What's wrong with arrays?

In terms of time and space, an array is just about the optimal construct for accessing a sequence of objects in memory. It is, however, also a very low level data structure with a vast potential for misuse and errors and in essentially all cases there are better alternatives. By "better" I mean easier to write, easier to read, less error prone, and as fast.

The two fundamental problems with arrays are that

• an array doesn't know its own size
• the name of an array converts to a pointer to its first element at the slightest provocation

Consider some examples:

	void f(int a[], int s)
	{
		// do something with a; the size of a is s
		for (int i = 0; i<s; ++i) a[i] = i;
	}

	int arr1[20];
	int arr2[10];

	void g()
	{
		f(arr1,20);
		f(arr2,20);
	}

The second call will scribble all over memory that doesn't belong to arr2. Naturally, a programmer usually get the size right, but it's extra work and ever so often someone makes the mistake.
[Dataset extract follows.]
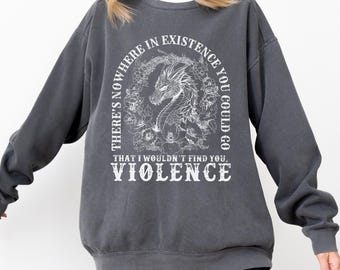 Può includere: Felpa grigio scuro con testo bianco e un'illustrazione di un drago. Il testo recita: "THERE'S NOWHERE IN EXISTENCE YOU COULD GO THAT I WOULDN'T FIND YOU, VIOLENCE". Il drago è circondato da elementi floreali.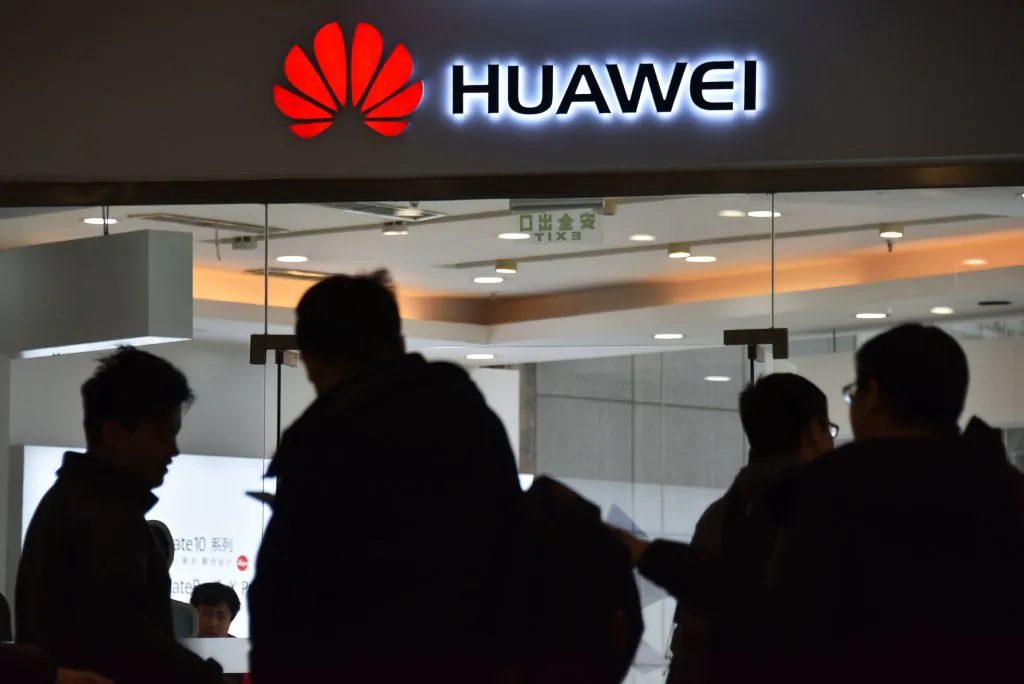 People walk past a Huawei store in Beijing on Dec. 10, 2018. (Greg Baker/AFP/Getty Images)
I prefer the simpler and cleaner version using the standard library vector:

	void f(vector<int>& v)
	{
		// do something with v
		for (int i = 0; i<v.size(); ++i) v[i] = i;
	}

	vector<int> v1(20);
	vector<int> v2(10);

	void g()
	{
		f(v1);
		f(v2);
	}

Since an array doesn't know its size, there can be no array assignment:

	void f(int a[], int b[], int size)
	{
		a = b;	// not array assignment
		memcpy(a,b,size);	// a = b
		// ...
	}

Again, I prefer vector:

	void g(vector<int>& a, vector<int>& b, int size)
	{
		a = b;	
		// ...
	}

Another advantage of vector here is that memcpy() is not going to do the right thing for elements with copy constructors, such as strings.
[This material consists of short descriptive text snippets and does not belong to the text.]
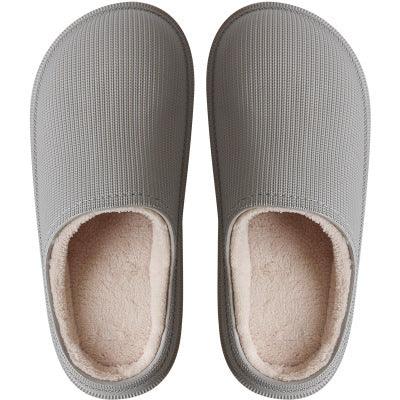 Pair of gray cozy indoor slippers with soft beige fleece lining top view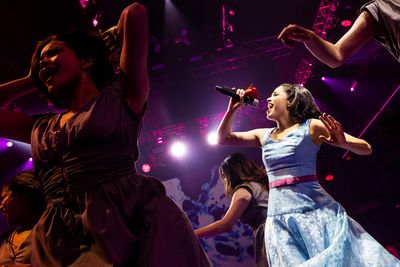 Arielle Jacobs (Imelda Marcos) and the cast of Here Lies Love
 Photo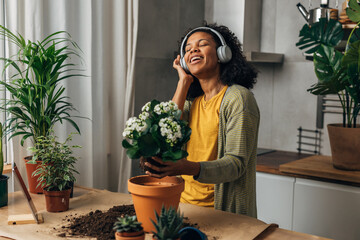 Wall Mural - A beautiful Multiracial woman enjoys working with plants. She listens to music and sings.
	void f(string a[], string b[], int size)
	{
		a = b;	// not array assignment
		memcpy(a,b,size);	// disaster
		// ...
	}

	void g(vector<string>& a, vector<string>& b, int size)
	{
		a = b;	
		// ...
	}

An array is of a fixed size determined at compile time:

	const int S = 10;

	void f(int s)
	{
		int a1[s];	// error
		int a2[S];	// ok

		// if I want to extend a2, I'll have to chage to an array
		// allocated on free store using malloc() and use ralloc()
		// ...
	}

To contrast:

	const int S = 10;

	void g(int s)
	{
		vector<int> v1(s);	// ok
		vector<int> v2(S);	// ok
		v2.resize(v2.size()*2);
		// ...
	}

C99 allows variable array bounds for local arrays, but those VLAs have their own problems.
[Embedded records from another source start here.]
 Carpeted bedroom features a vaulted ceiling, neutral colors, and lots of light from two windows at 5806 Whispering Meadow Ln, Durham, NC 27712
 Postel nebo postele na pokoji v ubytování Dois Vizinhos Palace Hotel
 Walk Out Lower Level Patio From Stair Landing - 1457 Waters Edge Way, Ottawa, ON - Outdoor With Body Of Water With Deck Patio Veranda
The way that array names "decay" into pointers is fundamental to their use in C and C++. However, array decay interact very badly with inheritance. Consider:

	class Base { void fct(); /* ... */ };
	class Derived { /* ... */ };

	void f(Base* p, int sz)
	{
		for (int i=0; i<sz; ++i) p[i].fct();
	}

	Base ab[20];
	Derived ad[20];

	void g()
	{
		f(ab,20);
		f(ad,20);	// disaster!
	}

In the last call, the Derived[] is treated as a Base[] and the subscripting no longer works correctly when sizeof(Derived)!=sizeof(Base) -- as will be the case in most cases of interest. If we used vectors instead, the error would be caught at compile time:

	void f(vector<Base>& v)
	{
		for (int i=0; i<v.size(); ++i) v[i].fct();
	}

	vector<Base> ab(20);
	vector<Derived> ad(20);

	void g()
	{
		f(ab);
		f(ad);	// error: cannot convert a vector<Derived> to a vector<Base>
	}

I find that an astonishing number of novice programming errors in C and C++ relate to (mis)uses of arrays.